Action Input: {"keywords": ['SMS marketing', 'Brands', 'Digital strategies', 'Immediacy', 'Visibility', 'Notifications', 'Consumers', 'Click-through rates (CTR)', 'Email marketing', 'Channel of communication', 'Marketing message', 'Customer relationships', 'Conversions', 'Thought leadership', 'Time-sensitive offers', 'New releases', 'Email marketing strategy', 'Abandoned cart reminders', 'Cost-effective', 'B2B']}
Observkeywords: ['SMS marketing'. Type: <class 'str'>
keywords: ['SMS marketing'. Type: <class 'str'>
keywords: ['SMS marketing'. Type: <class 'str'>
keywords: ['SMS marketing'. Type: <class 'str'>
keywords: ['SMS marketing'. Type: <class 'str'>
keywords: ['SMS marketing'. Type: <class 'str'>

I encountered an error while trying to use the tool. This was the error: 'str' object has no attribute 'keywords'.
 Tool Keyword Search Volume Analyser accepts these inputs: Keyword Search Volume Analyser(keywords: 'object') - Get search volume data and search insights for keywords.
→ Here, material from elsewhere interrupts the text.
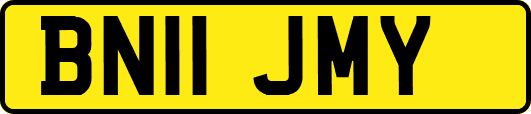 BN11JMY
Notice how ['word1' gets cut off and its a string instead of a list. I have switched between versions as well. Unless lists are not supported at all, or am I missing something?

danielgen commented 2 weeks ago

I am not sure if I follow the example but: the model passes only a string to tools in my understanding (i.e. the model does not pass datatypes other than text), while when you call it manually you pass a list. You could try modifying the function to eval() the string representation of the list to make it into an actual python list.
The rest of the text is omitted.